Bill Sacks plans to ask the FCC to reassign 87.9 MHz as a national single FM frequency emergency relief channel.
The senior analog engineer for Orban intends to submit his personal comments in a filing to the agency on Parts 15, 74 and 90 of the commission’s rules on low-power Aux stations (ET Docket No. 10-24).
The sub-band of TV Channel 6 from 87–88 MHz is unique spectrum, and commercial FM receivers are available now that receive frequencies beginning at 87.1 MHz up through the FM broadcast band, notes Sacks in a draft filing he shared with Radio World.
Right now, the agency allows unlicensed part 15 operations at 50 mW on TV Channel 6 spectrum that includes 87–88 MHz for several 200 kHz Part 74 channels pursuant to the waiver granted in the wireless microphones order. The commission specifically proposed that wireless microphones that operate on an unlicensed basis pursuant to that waiver be permitted to operate long term in the TV bands pursuant to Part 15 and certain specified technical rules, according to Sacks.
He calls the reassignment of TV Channel 6 and the new wireless microphone rules a “unique opportunity.”
Those new rules will allow Part 15 operation to provide the public with three needed and useful services for Disaster Relief, enhanced Traveler’s Information Service, as well as a new form of unlicensed nanopowered broadcasting services; using only this uniquely situated one megahertz of the of the TV Channel 6 spectrum.
“TV Channels 5 and 6 are not suitable for professional wireless microphones due to the transmitter antenna factor being impractical for a wireless microphone,” writes Sacks who adds that “New forms of FM service on the sub-band from 87 MHz to 88 MHz will better serve the public interest than the few extra wireless microphone (IFB) channels it now contains by instantly providing these new services.”
He’s proposing that 87.9 MHz be reassigned as a national single FM frequency emergency relief channel while secondary and everyday use of 87.9 MHz should be a licensed Traveler’s Information Service channel.
A national FM emergency relief channel would provide what Sacks calls “a desperately needed nationwide reliable FM signal” providing instant local relief information for when disasters take out entire local infrastructures including local broadcast stations, their towers, and the grid the broadcast stations may depend on.

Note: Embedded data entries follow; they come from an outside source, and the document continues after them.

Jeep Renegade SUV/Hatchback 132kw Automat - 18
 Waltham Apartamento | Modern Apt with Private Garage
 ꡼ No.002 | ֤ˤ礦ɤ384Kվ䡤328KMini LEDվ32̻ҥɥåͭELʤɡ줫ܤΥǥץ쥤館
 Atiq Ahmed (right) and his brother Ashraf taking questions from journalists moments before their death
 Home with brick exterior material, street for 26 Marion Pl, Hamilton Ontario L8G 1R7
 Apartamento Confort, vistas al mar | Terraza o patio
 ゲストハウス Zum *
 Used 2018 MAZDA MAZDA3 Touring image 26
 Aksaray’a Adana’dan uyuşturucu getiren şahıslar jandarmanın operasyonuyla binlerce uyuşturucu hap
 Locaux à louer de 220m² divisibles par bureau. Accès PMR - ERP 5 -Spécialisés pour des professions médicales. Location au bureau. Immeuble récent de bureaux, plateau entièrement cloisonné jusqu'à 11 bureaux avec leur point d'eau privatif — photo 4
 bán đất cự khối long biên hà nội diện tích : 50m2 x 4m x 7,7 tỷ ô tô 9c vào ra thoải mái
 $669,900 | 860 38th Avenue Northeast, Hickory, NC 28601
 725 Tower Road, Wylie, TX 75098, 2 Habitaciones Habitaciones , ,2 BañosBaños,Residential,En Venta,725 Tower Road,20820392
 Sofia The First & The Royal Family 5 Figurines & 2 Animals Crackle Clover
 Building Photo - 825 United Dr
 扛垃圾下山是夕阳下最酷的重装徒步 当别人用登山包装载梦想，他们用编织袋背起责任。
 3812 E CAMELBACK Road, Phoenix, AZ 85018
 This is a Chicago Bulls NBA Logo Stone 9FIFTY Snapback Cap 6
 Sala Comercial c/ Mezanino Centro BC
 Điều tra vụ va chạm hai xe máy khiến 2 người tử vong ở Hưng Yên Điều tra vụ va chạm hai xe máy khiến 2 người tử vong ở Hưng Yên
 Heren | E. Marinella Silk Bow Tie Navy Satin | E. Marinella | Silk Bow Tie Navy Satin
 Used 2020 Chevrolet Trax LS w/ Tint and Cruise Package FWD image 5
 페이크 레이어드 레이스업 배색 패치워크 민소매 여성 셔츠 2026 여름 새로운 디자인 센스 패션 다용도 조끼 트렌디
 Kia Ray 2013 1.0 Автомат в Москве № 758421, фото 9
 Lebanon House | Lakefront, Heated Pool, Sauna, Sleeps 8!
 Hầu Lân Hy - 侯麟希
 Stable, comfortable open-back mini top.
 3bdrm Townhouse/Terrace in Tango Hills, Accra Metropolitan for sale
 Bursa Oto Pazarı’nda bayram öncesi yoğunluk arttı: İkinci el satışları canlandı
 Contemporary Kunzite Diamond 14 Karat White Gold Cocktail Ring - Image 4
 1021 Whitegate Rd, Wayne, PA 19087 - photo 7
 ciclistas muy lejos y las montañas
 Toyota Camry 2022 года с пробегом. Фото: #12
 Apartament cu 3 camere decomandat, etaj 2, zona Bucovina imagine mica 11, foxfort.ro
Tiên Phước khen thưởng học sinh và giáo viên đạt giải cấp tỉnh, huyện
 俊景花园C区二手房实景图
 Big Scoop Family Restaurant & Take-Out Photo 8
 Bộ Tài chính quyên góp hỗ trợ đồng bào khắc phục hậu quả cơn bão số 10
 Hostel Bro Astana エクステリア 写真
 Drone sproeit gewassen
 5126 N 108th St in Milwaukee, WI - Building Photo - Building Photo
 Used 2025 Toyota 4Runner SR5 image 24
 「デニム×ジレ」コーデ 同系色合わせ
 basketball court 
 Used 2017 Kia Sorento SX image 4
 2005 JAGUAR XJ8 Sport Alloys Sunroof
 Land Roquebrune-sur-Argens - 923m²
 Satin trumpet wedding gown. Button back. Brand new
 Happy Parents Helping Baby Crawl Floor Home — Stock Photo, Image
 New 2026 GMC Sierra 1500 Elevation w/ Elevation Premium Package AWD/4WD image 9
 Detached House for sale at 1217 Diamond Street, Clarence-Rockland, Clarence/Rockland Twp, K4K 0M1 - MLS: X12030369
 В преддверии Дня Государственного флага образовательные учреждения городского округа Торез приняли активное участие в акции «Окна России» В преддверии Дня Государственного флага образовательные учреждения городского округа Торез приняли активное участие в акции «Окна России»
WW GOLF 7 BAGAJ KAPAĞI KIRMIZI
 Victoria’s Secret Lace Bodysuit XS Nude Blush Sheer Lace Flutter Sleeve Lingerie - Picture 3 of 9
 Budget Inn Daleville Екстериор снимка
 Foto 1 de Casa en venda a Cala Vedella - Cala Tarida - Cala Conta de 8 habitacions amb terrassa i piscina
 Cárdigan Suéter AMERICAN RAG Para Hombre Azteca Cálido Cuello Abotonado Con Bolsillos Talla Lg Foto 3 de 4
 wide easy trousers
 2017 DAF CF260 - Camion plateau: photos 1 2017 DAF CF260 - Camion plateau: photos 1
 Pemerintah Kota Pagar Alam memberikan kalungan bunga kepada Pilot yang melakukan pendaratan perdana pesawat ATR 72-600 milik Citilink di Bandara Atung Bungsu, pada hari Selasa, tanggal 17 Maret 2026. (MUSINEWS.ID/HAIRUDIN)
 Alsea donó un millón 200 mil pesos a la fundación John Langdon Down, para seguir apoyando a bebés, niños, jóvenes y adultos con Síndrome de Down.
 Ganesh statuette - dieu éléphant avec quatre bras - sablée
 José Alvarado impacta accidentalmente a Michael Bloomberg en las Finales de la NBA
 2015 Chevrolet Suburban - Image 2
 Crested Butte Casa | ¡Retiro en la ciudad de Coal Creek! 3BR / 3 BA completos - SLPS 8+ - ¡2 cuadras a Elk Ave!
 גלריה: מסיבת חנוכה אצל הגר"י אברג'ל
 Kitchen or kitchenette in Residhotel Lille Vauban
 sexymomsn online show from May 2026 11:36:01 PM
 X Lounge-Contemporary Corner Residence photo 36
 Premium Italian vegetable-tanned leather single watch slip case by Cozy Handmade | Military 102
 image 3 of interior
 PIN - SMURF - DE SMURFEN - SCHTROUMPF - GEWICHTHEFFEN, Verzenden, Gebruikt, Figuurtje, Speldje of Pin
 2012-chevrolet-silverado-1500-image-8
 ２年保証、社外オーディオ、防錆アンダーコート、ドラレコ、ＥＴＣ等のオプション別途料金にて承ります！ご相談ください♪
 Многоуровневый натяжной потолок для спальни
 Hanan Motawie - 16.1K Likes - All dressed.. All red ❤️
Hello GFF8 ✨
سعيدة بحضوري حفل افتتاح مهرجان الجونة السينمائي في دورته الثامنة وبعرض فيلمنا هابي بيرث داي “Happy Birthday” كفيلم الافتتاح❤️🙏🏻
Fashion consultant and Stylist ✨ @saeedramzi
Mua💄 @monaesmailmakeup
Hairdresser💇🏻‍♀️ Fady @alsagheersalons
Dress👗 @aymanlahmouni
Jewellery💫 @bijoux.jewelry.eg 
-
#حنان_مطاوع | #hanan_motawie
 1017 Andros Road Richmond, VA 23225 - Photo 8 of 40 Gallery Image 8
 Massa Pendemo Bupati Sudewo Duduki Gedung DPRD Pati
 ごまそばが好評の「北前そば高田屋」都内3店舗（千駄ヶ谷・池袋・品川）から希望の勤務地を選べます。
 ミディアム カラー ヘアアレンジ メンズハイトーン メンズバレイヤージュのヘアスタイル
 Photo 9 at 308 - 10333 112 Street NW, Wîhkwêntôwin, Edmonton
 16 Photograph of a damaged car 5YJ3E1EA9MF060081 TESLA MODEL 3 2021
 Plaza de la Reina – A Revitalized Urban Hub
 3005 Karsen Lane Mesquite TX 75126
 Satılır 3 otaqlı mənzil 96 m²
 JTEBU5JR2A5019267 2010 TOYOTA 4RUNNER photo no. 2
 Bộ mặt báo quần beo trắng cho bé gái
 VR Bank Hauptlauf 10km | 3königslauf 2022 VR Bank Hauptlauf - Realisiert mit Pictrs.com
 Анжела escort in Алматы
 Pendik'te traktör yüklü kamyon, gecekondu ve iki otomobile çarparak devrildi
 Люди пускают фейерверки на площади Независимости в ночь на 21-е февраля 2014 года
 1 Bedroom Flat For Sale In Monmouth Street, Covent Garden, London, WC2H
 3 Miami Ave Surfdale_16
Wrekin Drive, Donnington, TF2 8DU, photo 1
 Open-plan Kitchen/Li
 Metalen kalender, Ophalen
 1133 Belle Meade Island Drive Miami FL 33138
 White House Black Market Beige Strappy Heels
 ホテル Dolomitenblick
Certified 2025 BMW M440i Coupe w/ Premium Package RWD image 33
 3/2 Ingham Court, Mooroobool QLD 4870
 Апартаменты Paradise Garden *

The 87.9 MHz channel should be reserved for mobile, instantly deployable, disaster relief information stations, utilizing FEMA-owned mobile equipment to be operated by The Red Cross and other NGOs, Sacks explained.
Meanwhile, the voice-only FM Travelers Information Service “would be available to all current TIS licensees and operate day to day on 87.9 MHz with such stations authorized from 10 to 500 watts as required and modulated with audio frequency response truncated above 3 kHz producing deviation of ±50 kHz maximum, using modern audio voice processing techniques to compensate for the reduced detected audio level resulting from this deviation reduction. This total reduced deviation ensures negligible interference from the TIS stations to any licensed adjacent channel stations operating on 88.1 MHz,” writes Sacks.
The local National Guard also should have authorization for use of 87.9 MHz in cases of disaster recovery, suggests the engineer.